Amgen announced July 27 that it plans to buy a privately held Bay Area biotech company called TeneoBio in an all-cash deal worth as much as $2.5 billion.
The deal is expected to close in the second half of this year and calls for Amgen to pay $900 million up front for all outstanding shares of TeneoBio, plus contingent milestone payments worth up to $1.6 billion more.
At the end of its most recent quarter, on March 31, Thousand Oaks-based Amgen had $6.11 billion in cash and cash equivalents, down from $6.27 billion at the end of 2020.
In a July 27 news release announcing the TeneoBio deal, Amgen said the acquisition of TeneoBio’s “proprietary bispecific and multispecific antibody technologies” will enable “significant acceleration and efficiency in the discovery and development of new molecules that have the potential to treat a wide range of important diseases across Amgen’s core therapeutic areas.”
The deal includes TeneoBio’s TNB-585, a prostate cancer treatment currently in Phase 1 trials. According to Amgen, the therapy complements Amgen’s two existing prostate cancer treatments, with each offering different approaches to treat “a highly prevalent disease for which new treatment options are very much needed.”
Amgen shares closed at $244.68 on July 27, down 0.16% from the previous day’s closing price. In the hour after the TeneoBio acquisition was announced, the stock crept by 0.13% and was trading at around $245.
TeneoBio is based in Newark, California and is developing a new class of biologics known as human heavy-chain antibodies for the treatment of cancer, autoimmune disorders and infectious diseases. The company has what Amgen calls a “novel T-cell engager platform” that can provide “a differentiated, but complementary” approach to Amgen’s own T-cell platform for cancer treatment, known as BiTE.
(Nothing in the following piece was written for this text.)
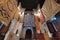 Inside interior of Carpet shop with colourful moroccan rugs and berber carpets on display in a souk market in the centre of medina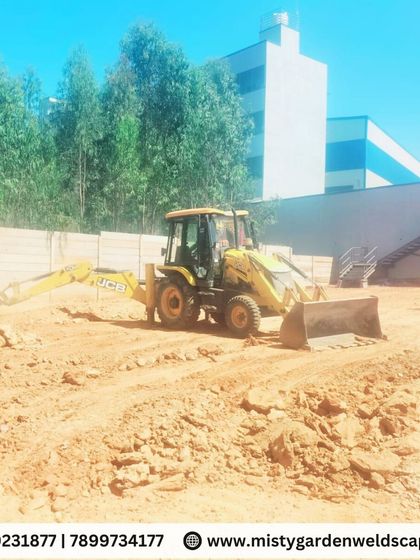 Before the green comes the groundwork. Here, a JCB is used to level the vast 30,000 sq ft area in preparation for soil filling and lawn installation.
In June, AbbVie acquired TeneoOne, a TeneoBio affiliate developing a bispecific antibody treatment for relapsed or refractory multiple myeloma. Before the Amgen acquisition closes, three other TeneoBio affiliates with their own bispecific antibodies will be spun off to TeneoBio’s existing shareholders: TeneoTwo, TeneoFour and TeneoTen.
Goldman Sachs acted as financial advisor to Amgen on the deal and Latham & Watkins was its legal advisor. Gunderson Dettmer Stough Villeneuve Franklin & Hachigian acted as legal advisor to TeneoBio.